Pentingnya Remaja Kenali Diri dan Kesehatan Reproduksinya
Reporter
Tempo.co
Editor
Mitra Tarigan
Senin, 24 Februari 2020 07:40 WIB
TEMPO.CO, Jakarta - Tingginya angka pernikahan ini salah satunya disebabkan oleh kehamilan yang tidak diinginkan pada remaja. Hasil diskusi dengan anak di area pelayanan Wahana Visi Indonesia (WVI), terungkap bahwa banyak remaja yang merasa tabu membicarakan seksualitas kepada orang dewasa. Akibatnya remaja tidak memahami seksualitas dengan baik dan tidak dapat menjalankan peran sosial mereka sebagaimana mestinya.

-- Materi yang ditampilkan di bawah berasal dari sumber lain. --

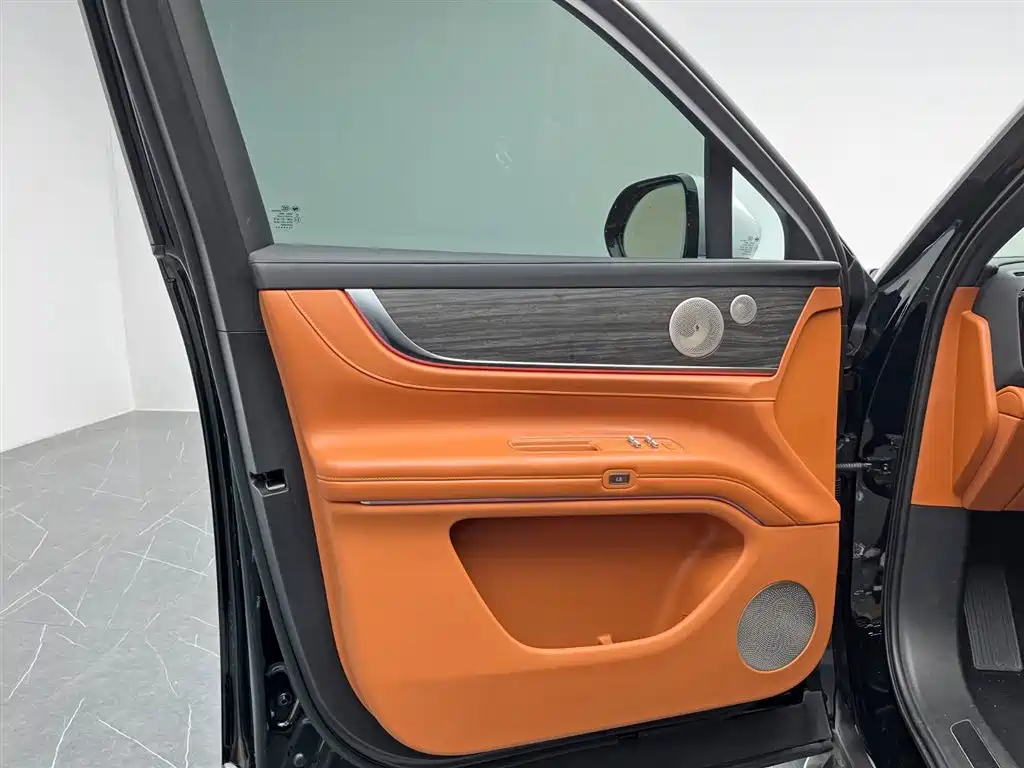 AITO ASK THE WORLD M9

Untuk menjembatani hal ini, WVI bekerja sama dengan Forum Anak dan Kelompok Remaja di Jakarta mengadakan diskusi mengenai life skill untuk remaja usia 12-18 tahun dengan tema “Aku dan Seksualitasku” di 11 titik di Kecamatan Penjaringan, Jakarta Utara dan Jatinegara, Jakarta Timur. Diskusi dalam bentuk peer education (teman sebaya) ini dibawakan oleh fasilitator yang merupakan pengurus forum Anak Kampung Melayu dan Jakarta TImur, yaitu Alwi (17) dan Khusnul (15). Total ada 23 fasilitator anak yang telah didampingi oleh Wahana Visi Indonesia AP Jakarta ikut terlibat dalam kegiatan. Forum diskusi ini memberi kesempatan remaja untuk belajar bersama melihat jati diri dan perannya dalam masyarakat, serta membantu remaja menyadari perubahan dirinya baik fisik maupun psikologis, serta konsekuensi yang mengikutinya.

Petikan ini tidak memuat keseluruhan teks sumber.